What is required:
The lines to copy run from the one containing "Магнитола Farcar RL377R" to the end of the listing. Please write them out exactly, minus the pictures.
┌─ Task material
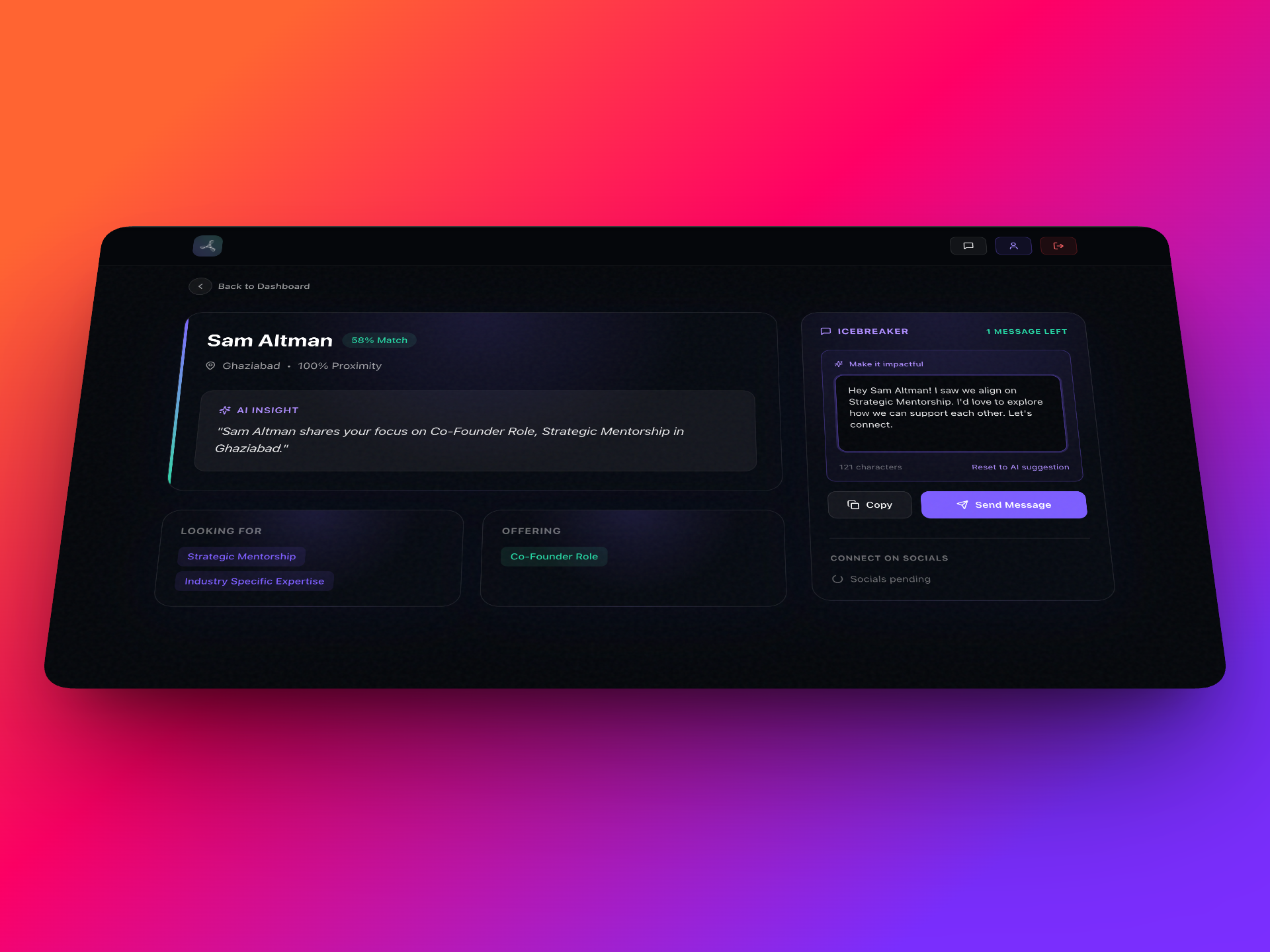 Annorth AI gallery image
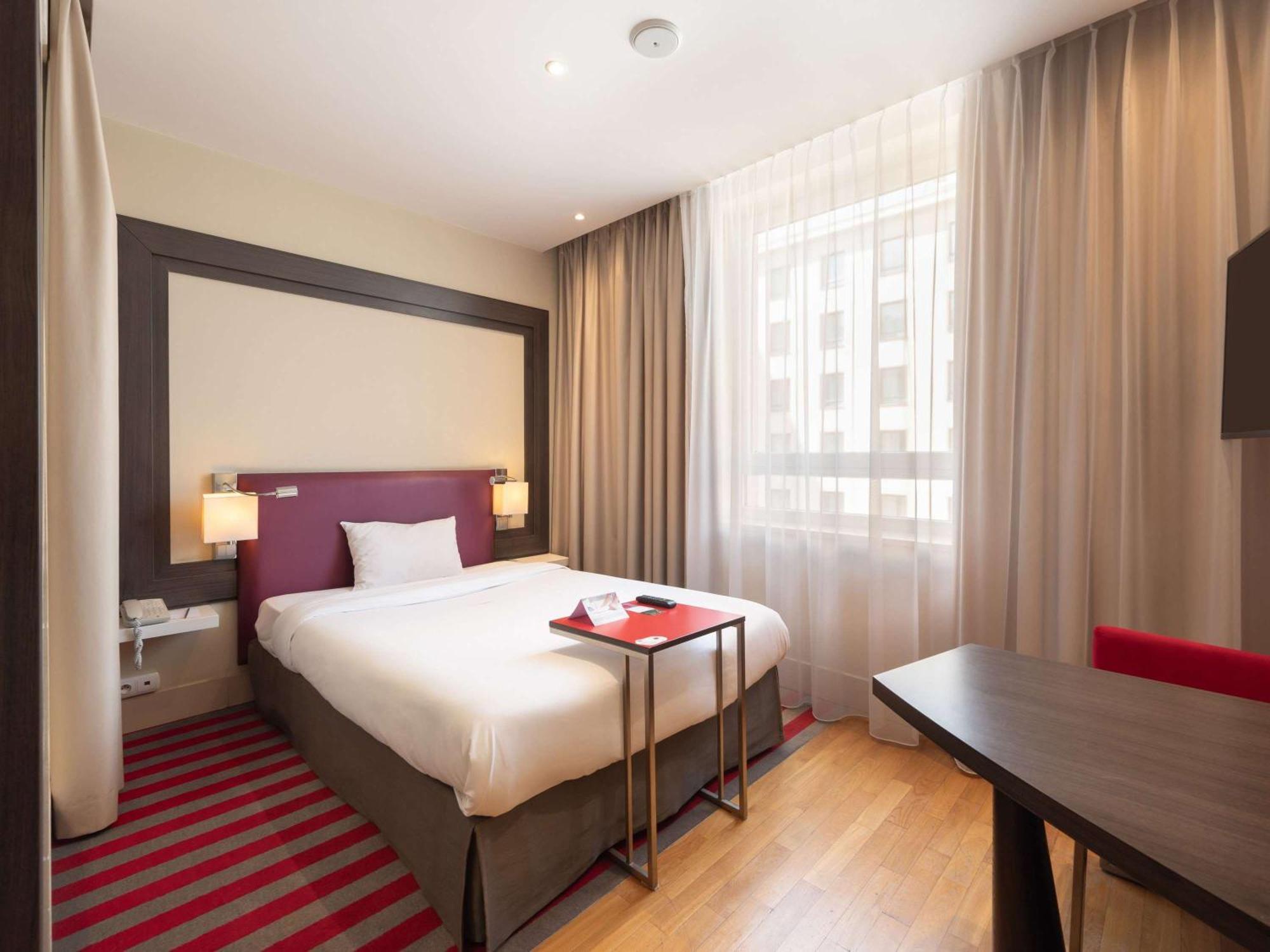 Hotel Mercure Grand Varsavia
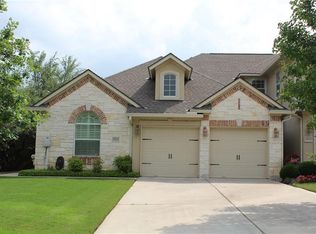 15311 Glen Heather Dr #907, Austin, TX 78734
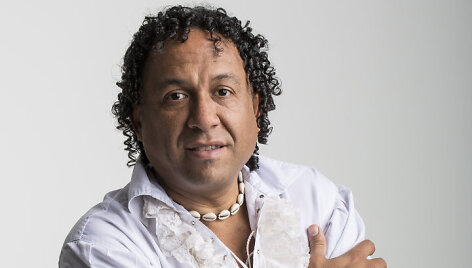 Carlosas Rodriguezas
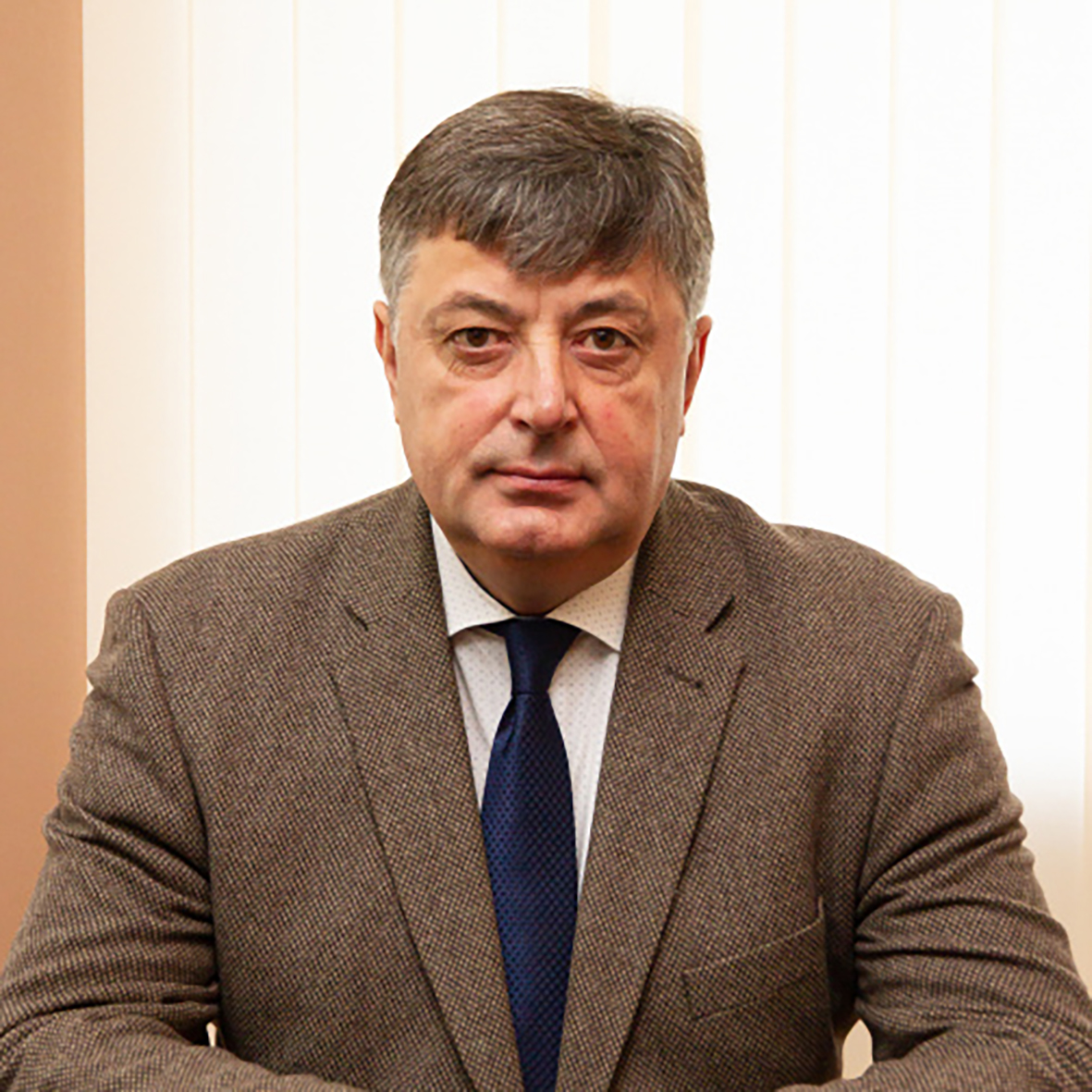 Валерий Дмитриевич Пономарёв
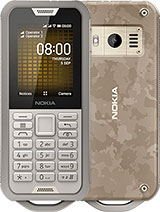 Best available price of Nokia 800 Tough in Srilanka
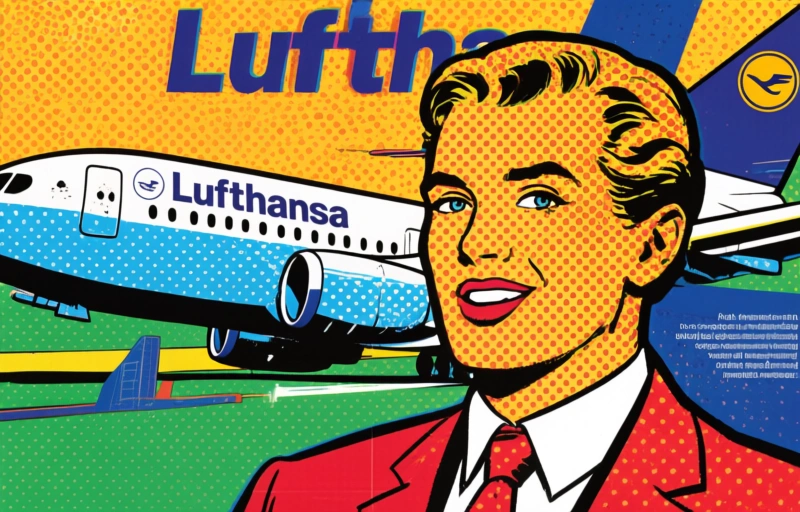 Lufthansa zoekt investeerders voor obligatie-uitgifte te midden van stijgende brandstofkosten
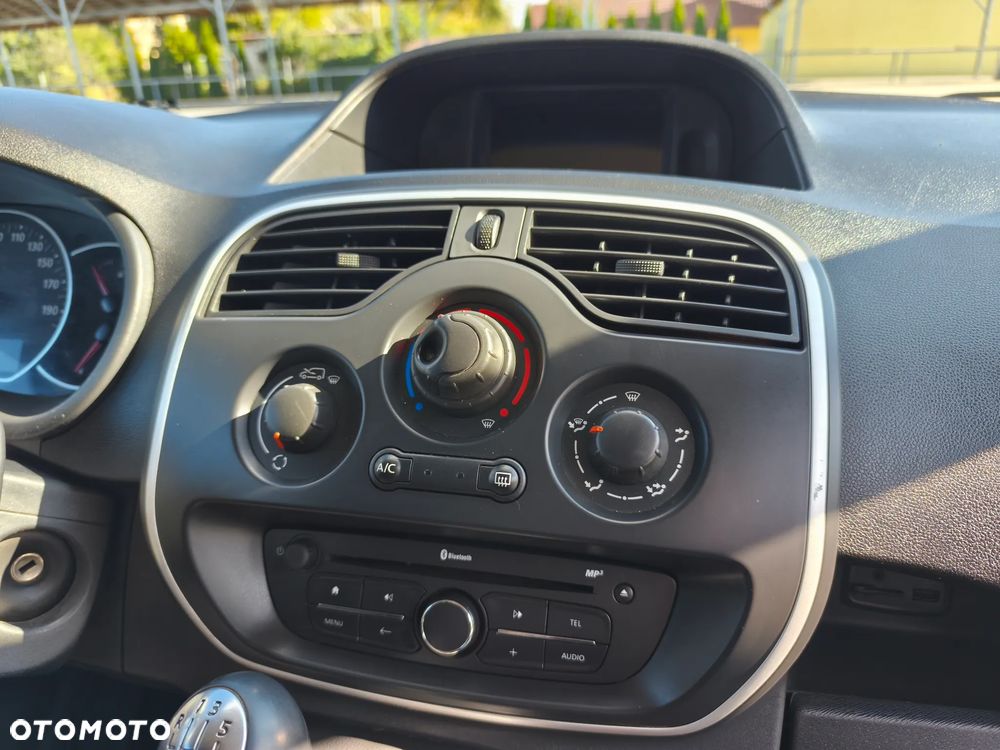 Renault Kangoo - 30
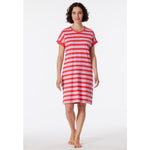 Nachthemd 1/2 Arm, 95cm 181251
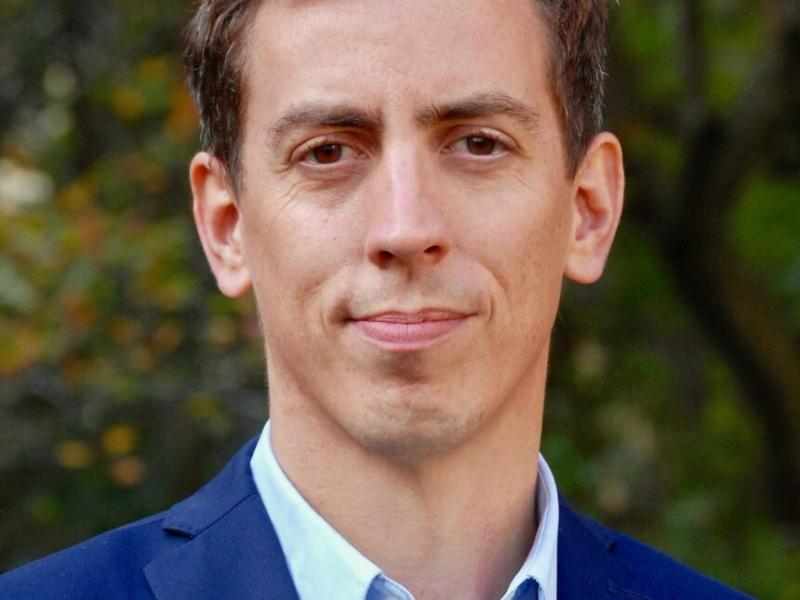 Laurent richard
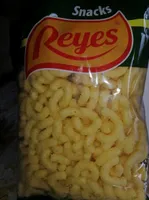 Snacks reyes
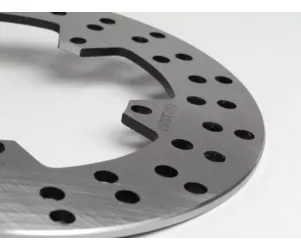 Remschijf Lucas 200x98mm 5o Vespa PX Disc (1998) Primavera 50 150cc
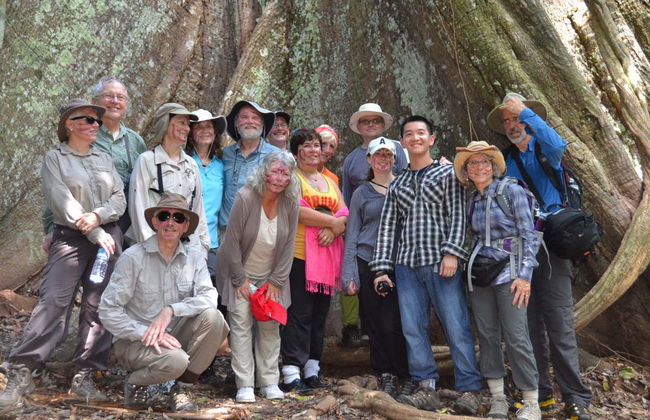 Tour fotográfico de 8 días por Tambopata - Foto 5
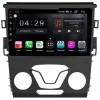 Магнитола Farcar RL377R (S300) для Ford Mondeo V 2015-2022 на Android 9.0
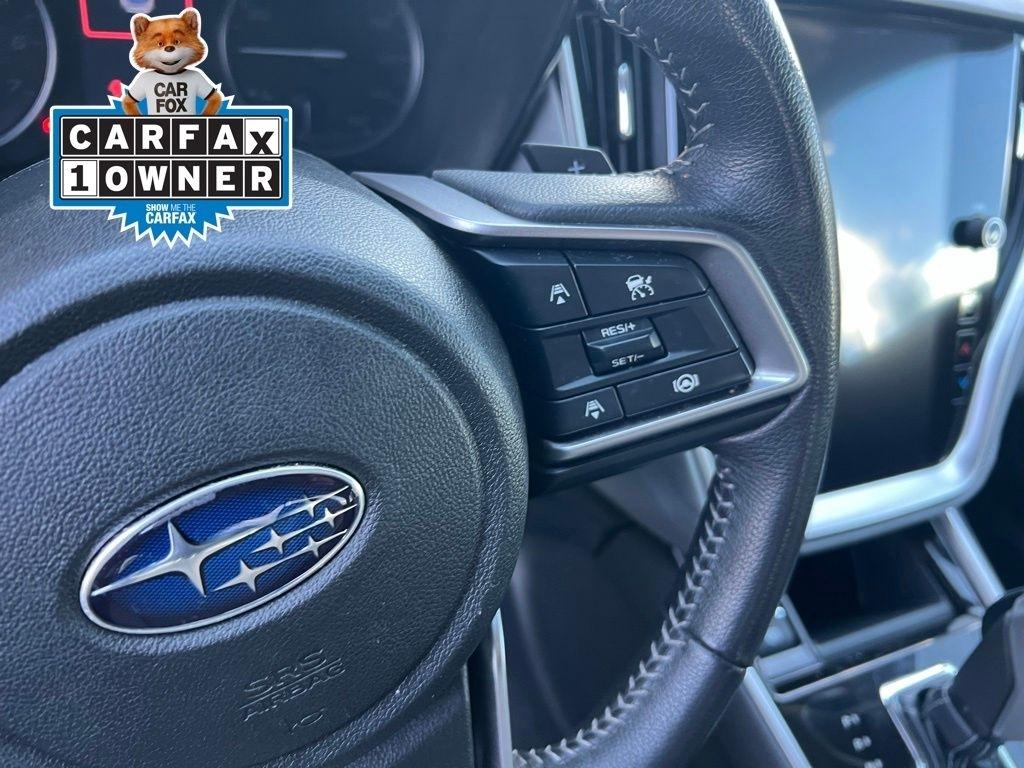 Subaru Outback Premium 2024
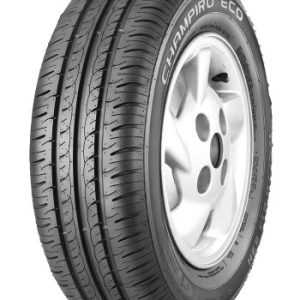 Trailerdæk 155/80x13 79T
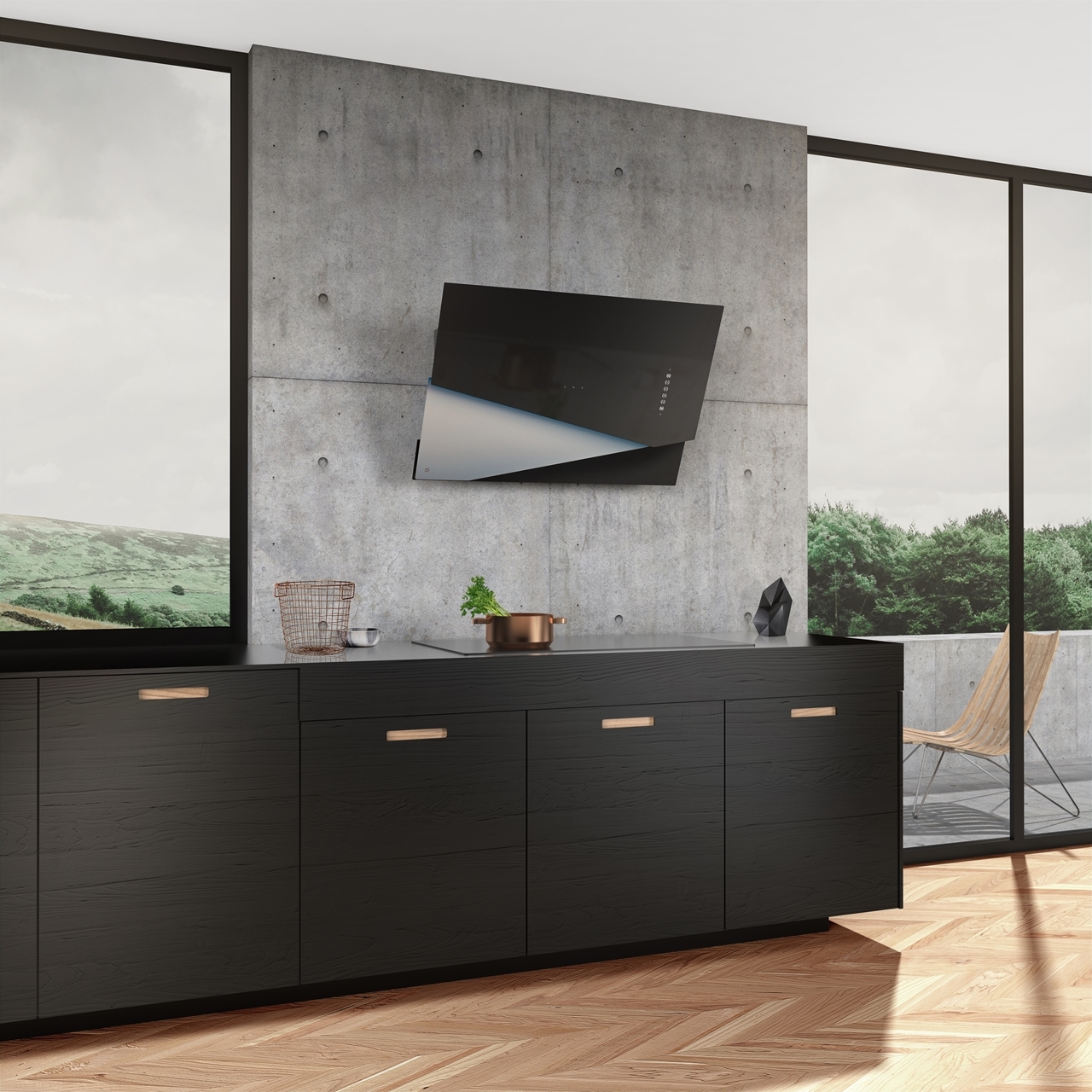 Ciarko Design CDP9001CI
└─
Reply:
 Магнитола Farcar RL377R (S300) для Ford Mondeo V 2015-2022 на Android 9.0
 Subaru Outback Premium 2024
 Trailerdæk 155/80x13 79T
 Ciarko Design CDP9001CI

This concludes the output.